In this unprecedented new book, Alan Schwarz - whom bestselling Moneyball author Michael Lewis calls "one of today's best baseball journalists" - provides the first-ever history of baseball statistics, showing how baseball and its numbers have been inseparable ever since the pastime's birth in 1845. He tells the history of this obsession through the lives of the people who felt it most: Henry Chadwick, the 19th-century writer who invented the first box score and harped endlessly about which statistics mattered and which did not; Allan Roth, Branch Rickey's right-hand numbers man with the late-1940s Brooklyn Dodgers; Earnshaw Cook, a scientist and Manhattan Project veteran who retired to pursue inventing the perfect baseball statistic; John Dewan, a former Strat-O-Matic maven who built STATS Inc. into a multimillion-dollar powerhouse for statistics over the Internet; and dozens more.

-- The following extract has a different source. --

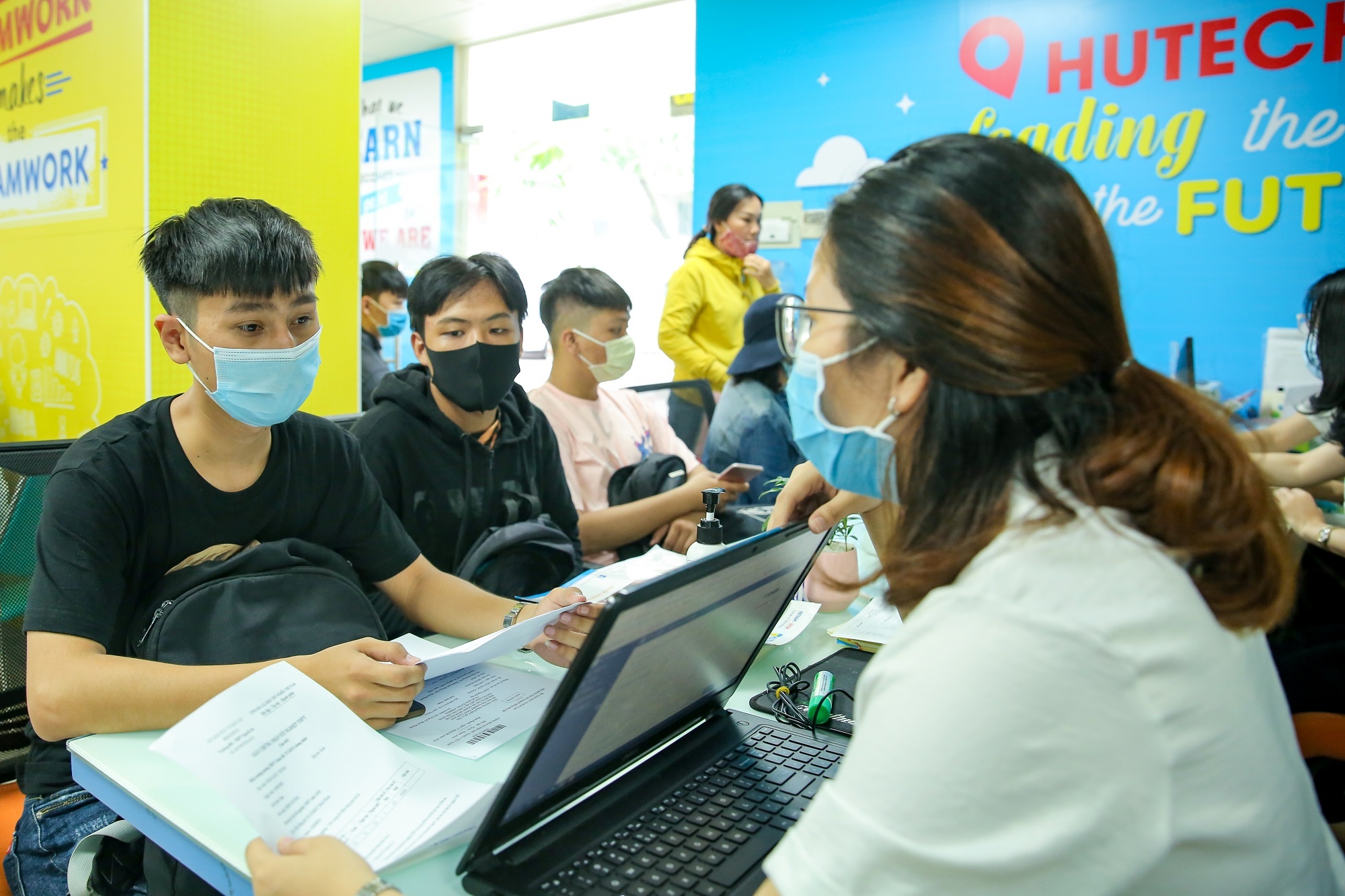 Hutech,  xét tuyển học bạ ảnh 1 Hutech,  xet tuyen hoc ba anh 1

Almost every baseball fan for 150 years has been drawn to the game by its statistics, whether through newspaper box scores, the backs of Topps baseball cards, The Baseball Encyclopedia , or fantasy leagues. Today's most ardent stat scientists, known as "sabermetricians," spend hundreds of hours coming up with new ways to capture the game in numbers, and engage in holy wars over which statistics are best. Some of these men - and women -- are even being hired by major league teams to bring an understanding of statistics to a sport that for so long shunned it.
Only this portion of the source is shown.